Each year the National Crime Agency releases an annual report of the statistics from the National Referral Mechanism, the government-funded system of support for victims of modern slavery, more commonly called the NRM.
This report usually garners media interest, and is generally used as a barometer for measuring how action against human trafficking is going in the UK. We’ve dug into the data to look beyond the headlines, and see what other stories are hiding in the statistics.
Are there more victims?
The media frenzy usually centres round the figure of the number of potential victims submitted to the NRM in that year. The total number of referrals has increased year on year each time the report has been compiled.
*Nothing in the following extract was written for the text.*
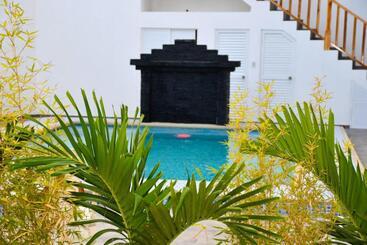 هتل Hostal Amelia De La Rosa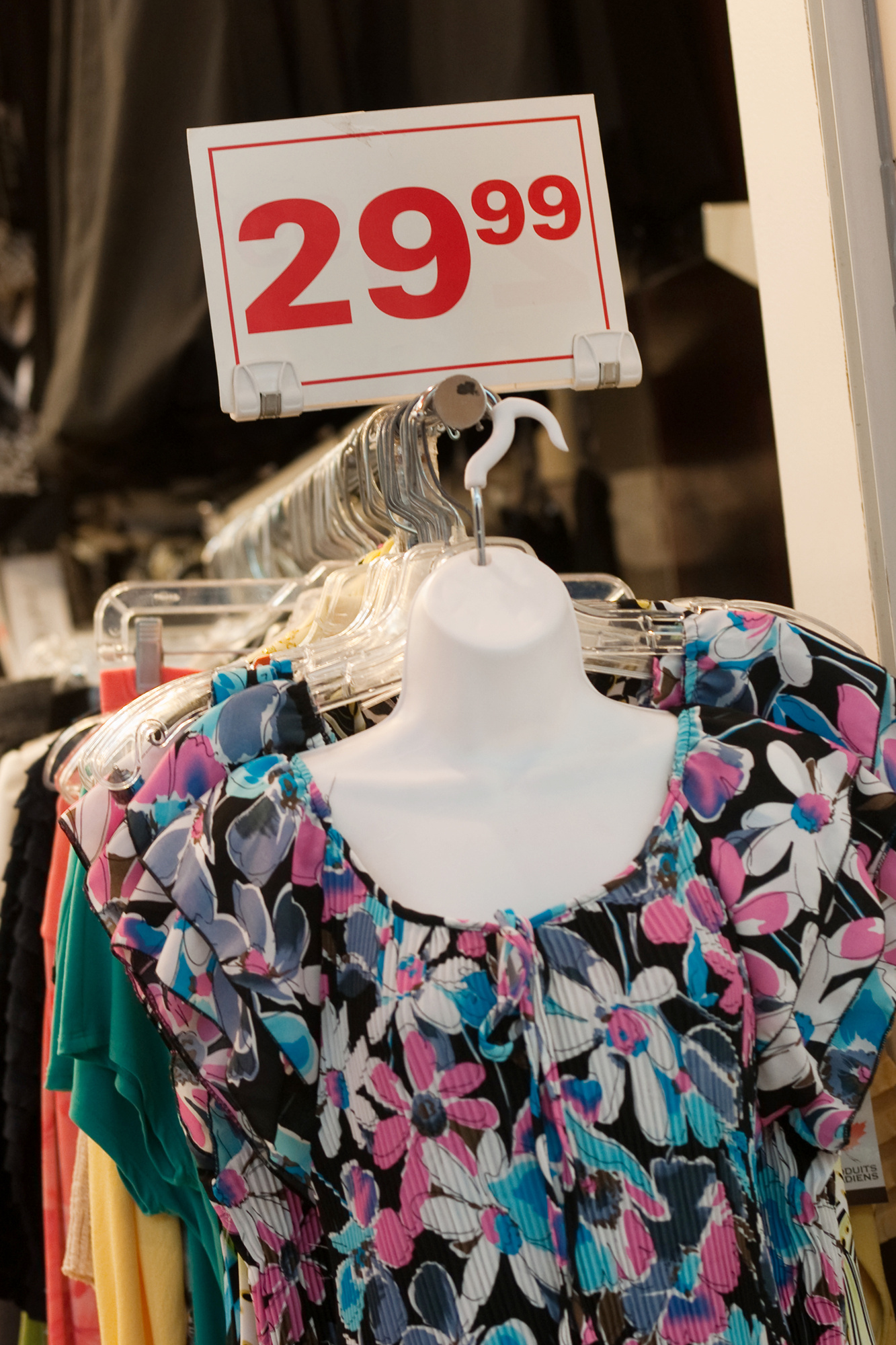 5 Tips for Buying Liquidated Clothes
In 2018 it was 6993, in 2017 it was 5145, in 2016 it was 3,804. This year’s figure is a 36% increase on the 2017 total. What has led to this increase? Are there more victims to be found, or are we just better at finding them? It’s more likely to be the latter. As public understanding of modern slavery has increased, so naturally will referrals. The same goes for increased awareness levels within the police and statutory agencies. Additionally people who may previously have been treated as offenders – for example young people groomed and forced to sell drugs, commonly known as county lines – are now treated as victims. The increase in county lines activity is noted in the report as the key factor in driving the increase in referrals.
So have all these people been exploited in the UK?
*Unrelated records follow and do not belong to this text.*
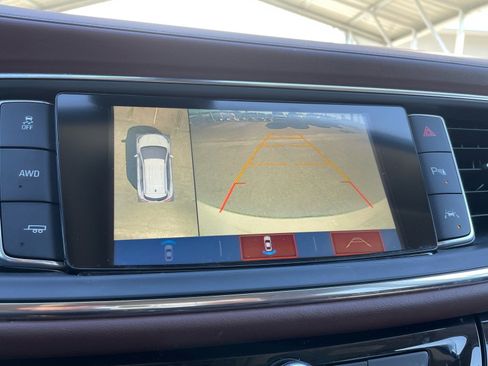 Used 2018 Buick Enclave Avenir w/ Avenir Technology Package image 13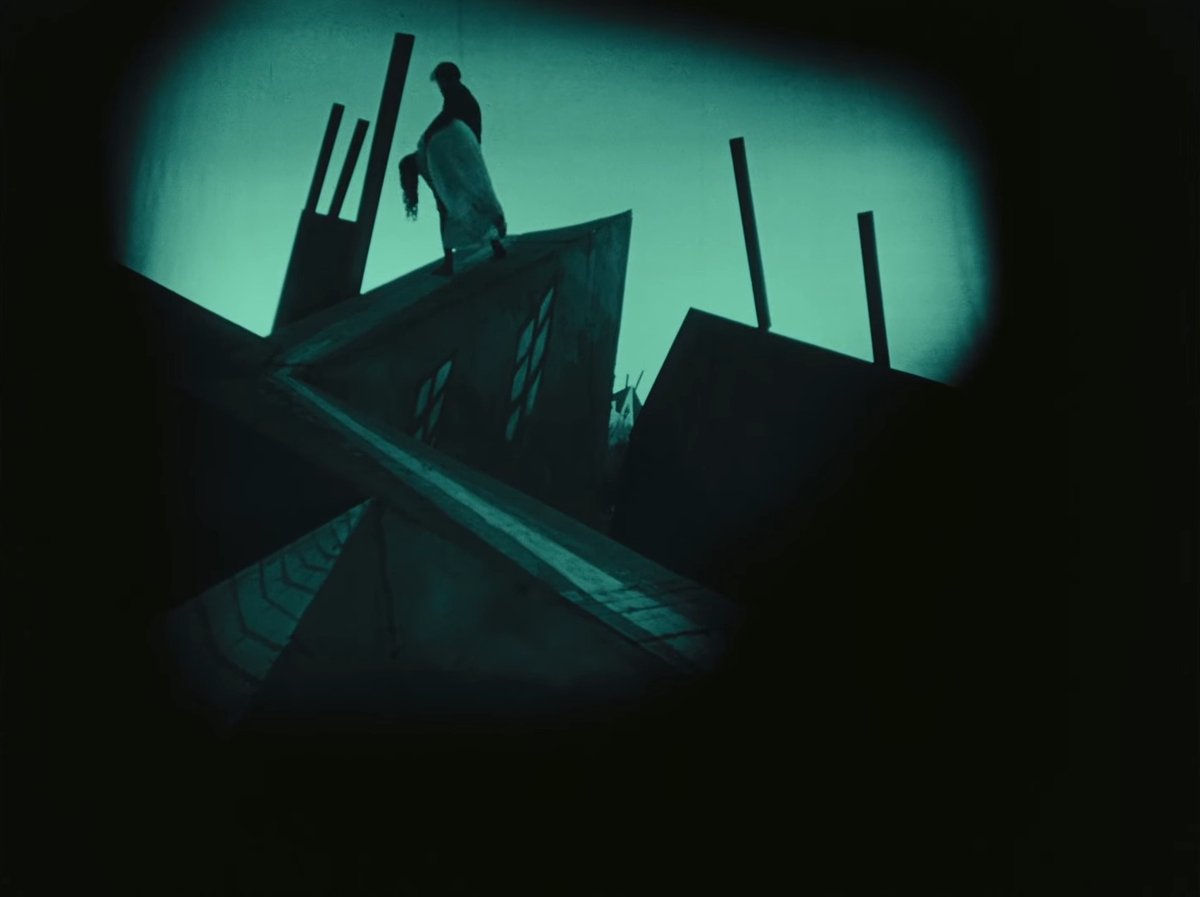 Rocco_Parondi's tweet photo. #DasCabinetdesDrCaligari (1920) #RobertWiene
Fantastic horror with nightmarish atmospheres,divided into 6 acts and with an ending that has become as famous as the first twist in the history of cinema. It is the manifesto of German Expressionism and its visual appeal is immortal. https://t.co/E8L4UkgiIR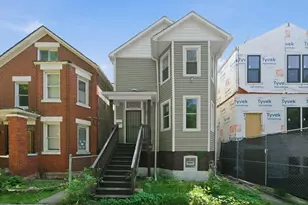 8739 S Colfax Ave, Chicago, IL 60617 - Photo 2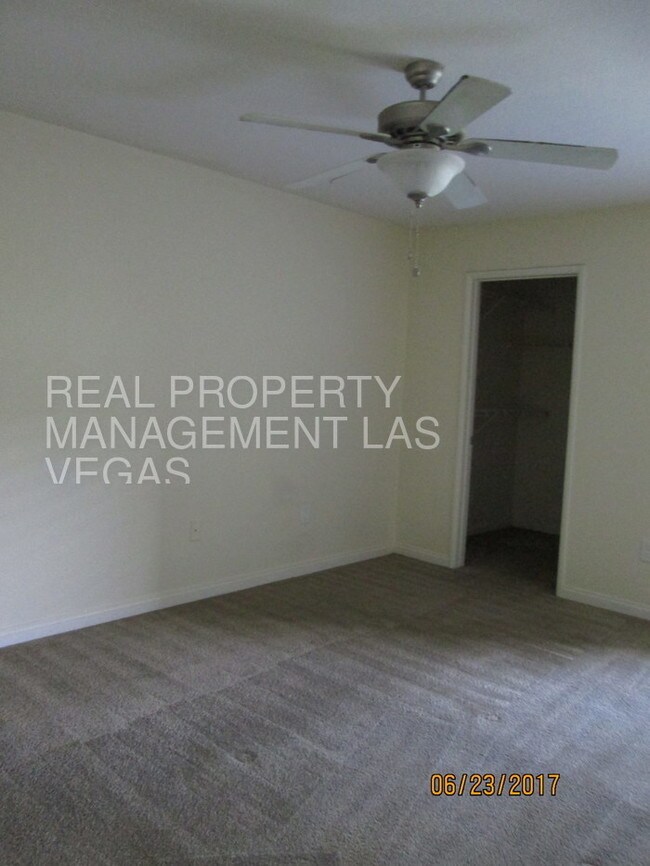 Foto del edificio - 4400 S Jones Blvd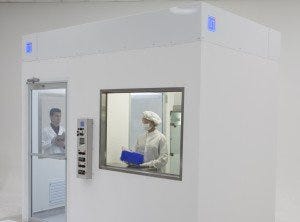 USP 797 Compounding Cleanroom Versus Compounding Aseptic Isolator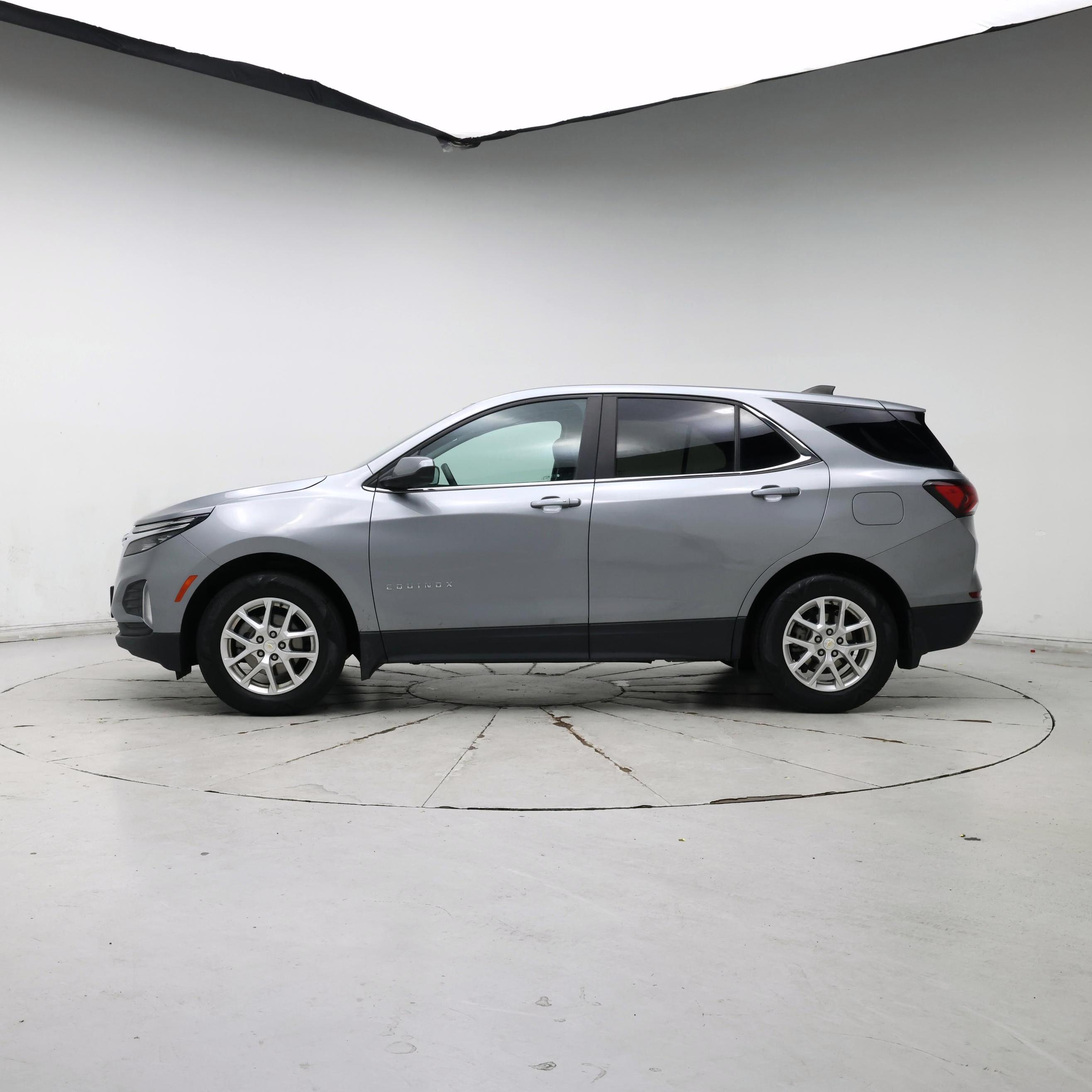 Thumbnail: 2023 Chevrolet Equinox - 3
To receive support from the government, you don’t need to have been exploited here. The report notes that “in 2018, 1,986 (28%) of referrals reported that the location of exploitation was overseas only.” It is to the credit of the government that their support does not rely on proving exploitation in the UK. However, these statistics are often used to talk exclusively about exploitation in the UK, not elsewhere in the world, so it is worth noting this in any analysis of the report.
How many people are ‘officially’ victims of modern slavery?
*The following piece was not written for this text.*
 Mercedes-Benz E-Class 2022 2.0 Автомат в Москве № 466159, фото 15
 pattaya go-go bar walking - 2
This report counts ‘potential’ victims of modern slavery. They are people who have been initially identified as victims, but they may have not yet received an official status from the government about whether or not they are confirmed by the state to be a victim. This process has two stages, and the result is determined by one of two ‘competent authorities’.
In Annex G of the report, we can see the decision status of the total numbers of exploited people. Of those 6,993 potential victims found in 2018 a staggering 3,706, over 50% of the potential victims, have still not received a conclusive grounds decision. The vast majority of these cases – 3,007 – are non-UK and non-EU nationals, whose decisions are looked after by UK Visas and Immigration (UKVI).
This raises a few questions. Firstly why are UKVI experiencing such a backlog when the other competent authority (the NCA’s Modern Slavery & Human Trafficking Unit) are not? Secondly, what is happening to all of these victims who are waiting for their status to be confirmed?
We have heard from organisations supporting survivors that it is traumatic for their clients to have to wait a long time for a decision. The feeling of being in limbo, and in another situation that is outside their control, makes it difficult for them to begin the healing process. The report does not disclose how long the average person is kept waiting, but any delay could be detrimental to their recovery.
It is interesting to contrast and compare these statistics to previous years and note trends and changes, but at the end of the day it is important to remember that each number is a real person, who has no doubt gone through a traumatic experience, whether or not they meet the criteria of an ‘official’ victim of modern slavery. We pray that each person represented by these statistics would find safety and healing.